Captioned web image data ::
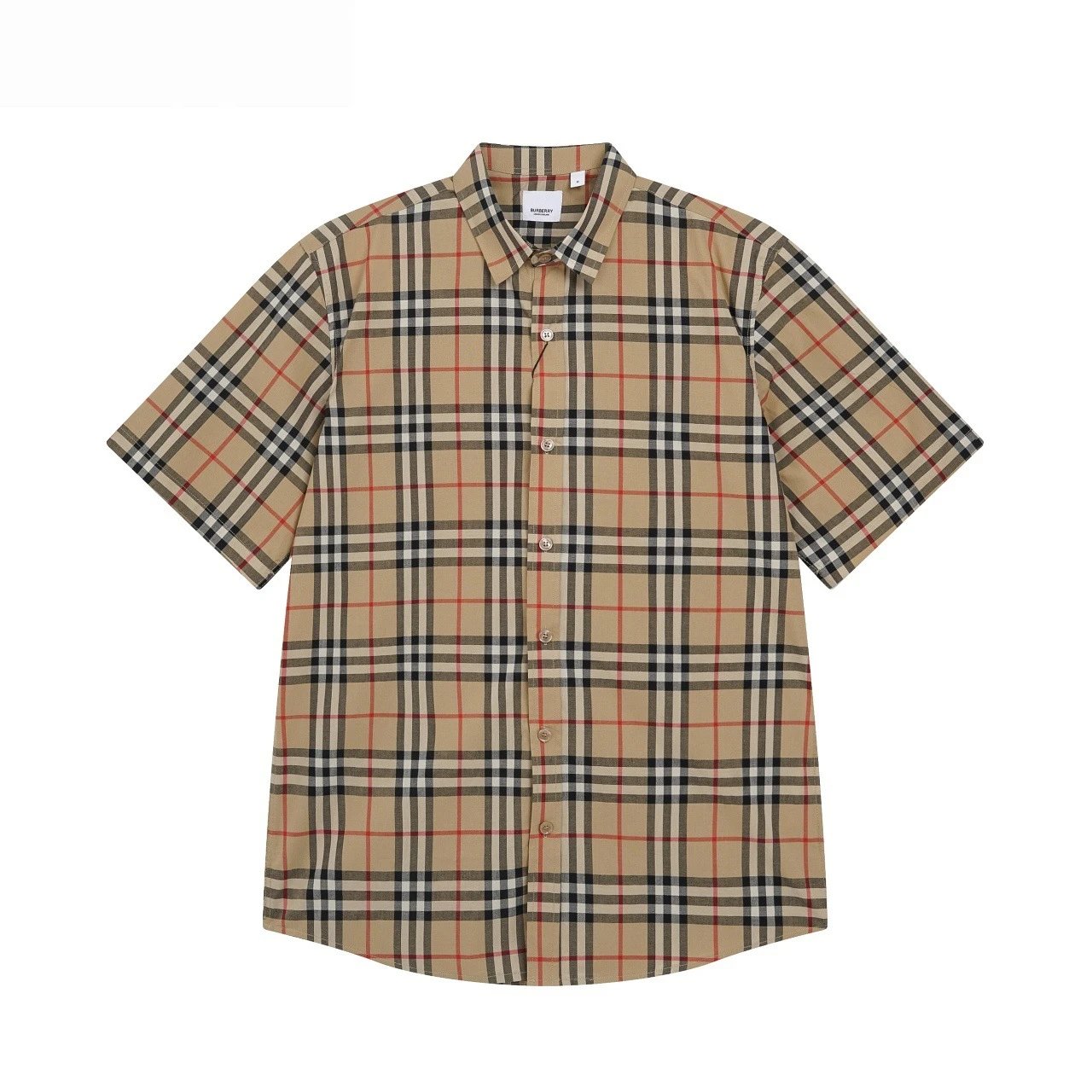 Burberry Beige Short Sleeve Shirt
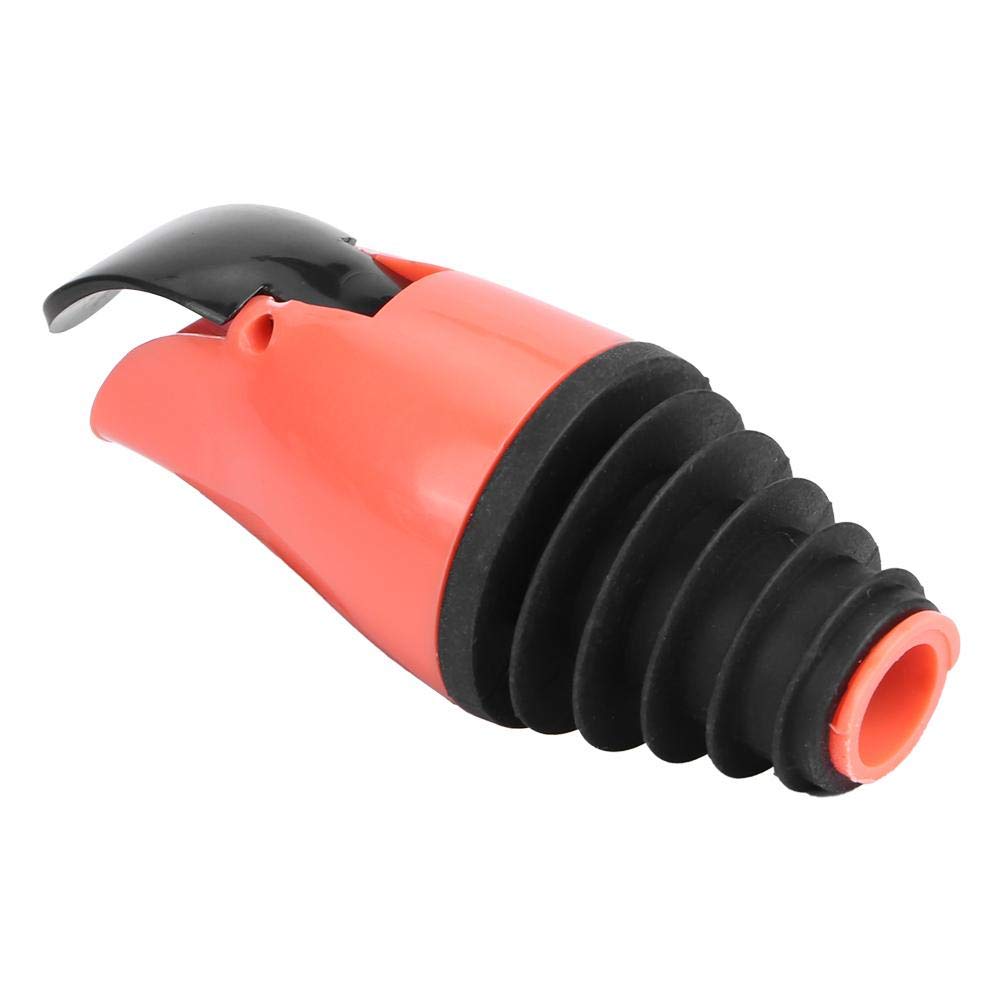Premium Oil Spout Liquor Pourers - Healthy Tapered Bottle Spouts for Wine, Liquor, Oil & Vinegar (Orange Red) - Perfect for Home Bars, Restaurants & Kitchen Use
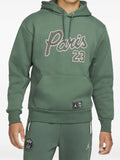 Jordan X PSG hooded logo-patch hoodie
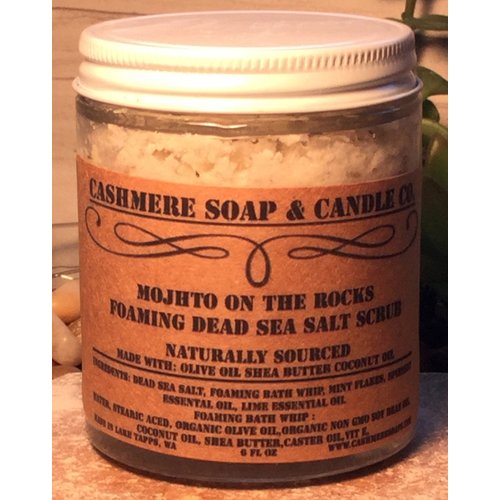 Mojito On The Rocks Foaming Dead Sea Salt Scrub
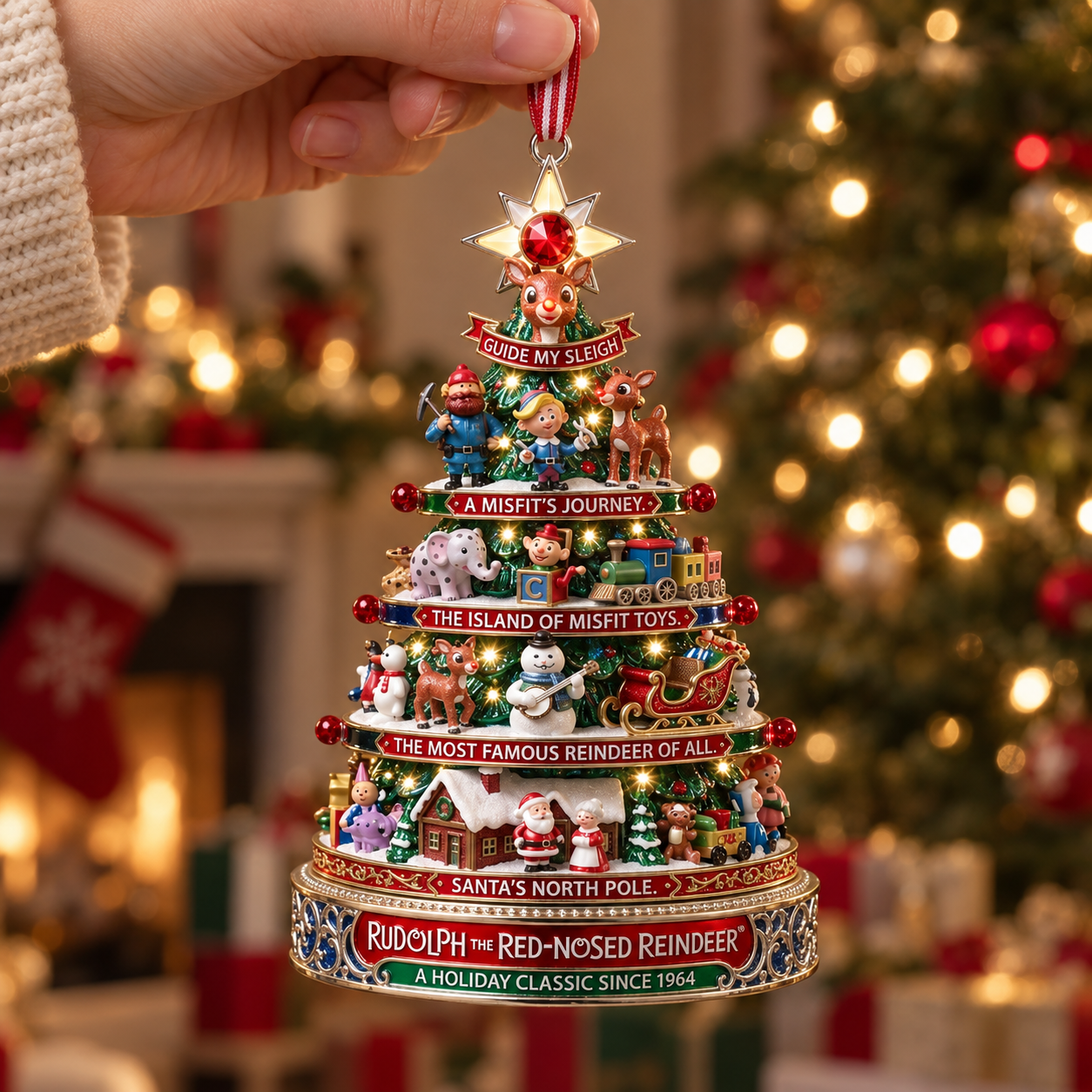Rudolph Christmas Tree Ornament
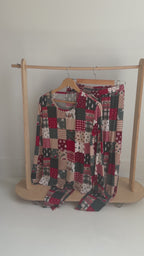 Patchwork Small Ribbed Women's Long Sleeve Top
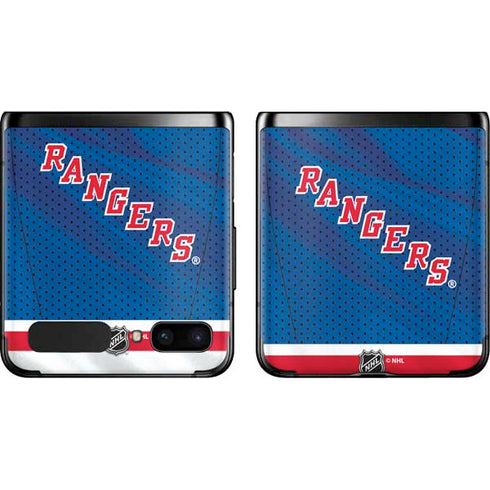 NHL New York Rangers Home Jersey Galaxy Z Flip Skin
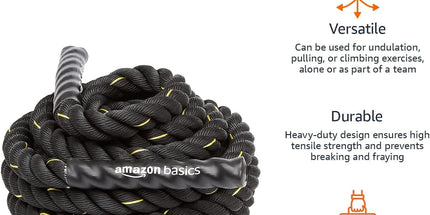 Amazon Basics Heavy Exercise Training Workout Battle Rope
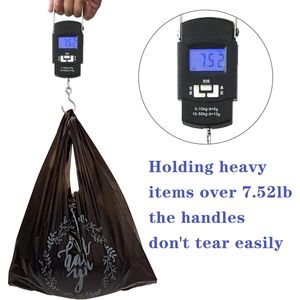 100 Sacchetti Neri in Plastica per T-Shirt e Shopping, 8.7 X 4.1 X 11.6, Confezione Bulk per Ristoranti, Sacchetti Regalo con Scritta 'Grazie' - Product Image 2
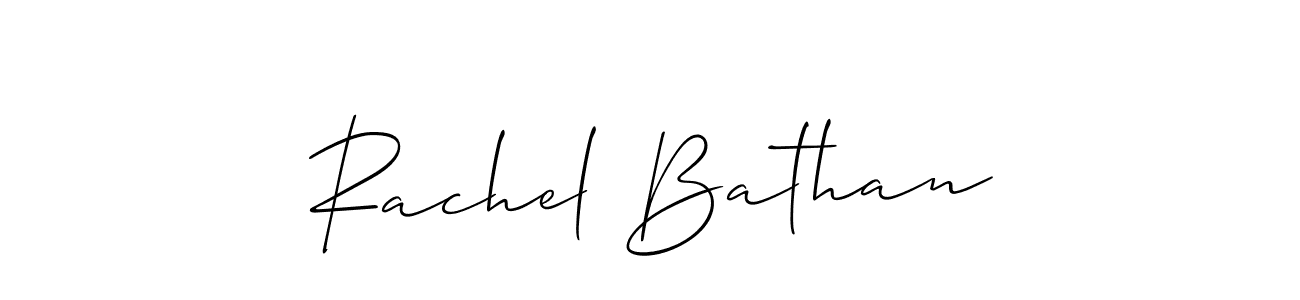 Make a beautiful signature design for name Rachel Bathan. Use this online signature maker to create a handwritten signature for free. Rachel Bathan signature style 2 images and pictures png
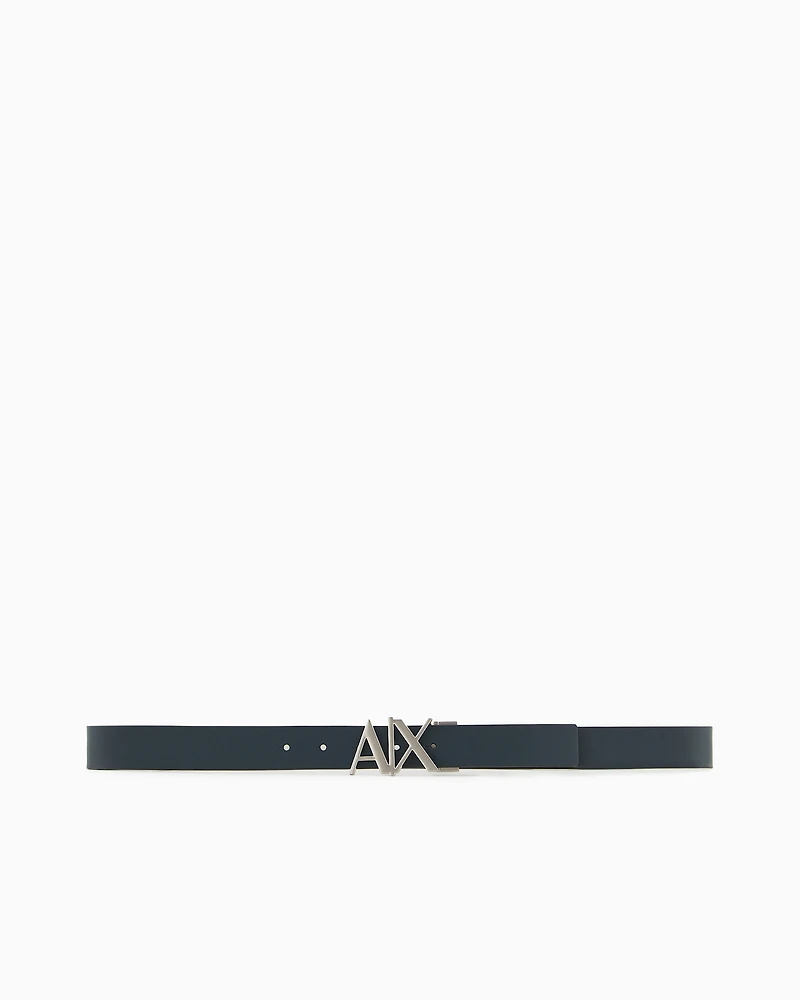 Double-sided leather belt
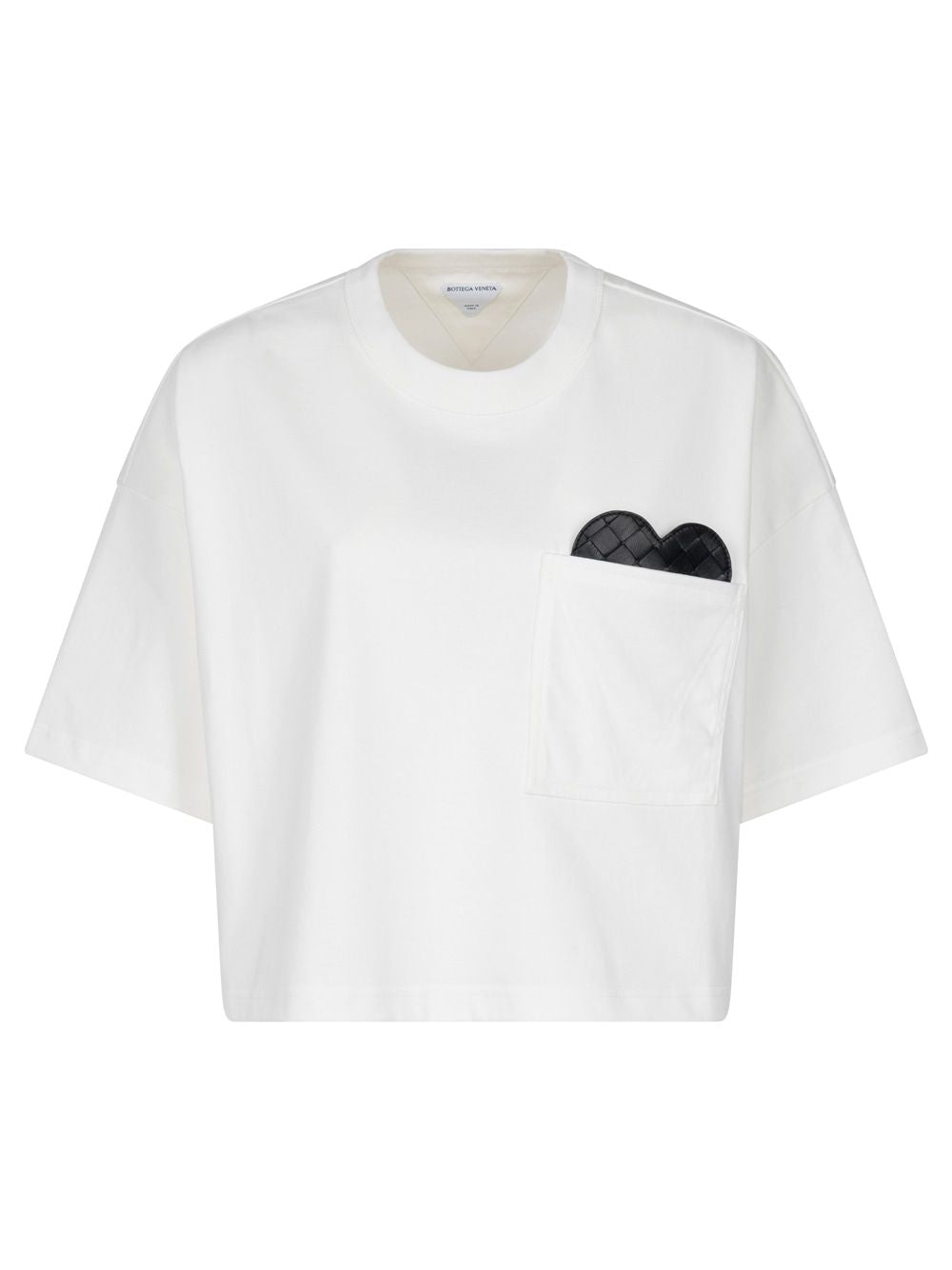 BOTTEGA VENETA Mini Chest Pocket Cotton T-Shirt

What the task asks ::
Please give a word-for-word transcript of the lines from the one holding "Double-sided leather belt" through the final line of the entries, both ends kept, with no pictures.

Solution ::
 Double-sided leather belt
 BOTTEGA VENETA Mini Chest Pocket Cotton T-Shirt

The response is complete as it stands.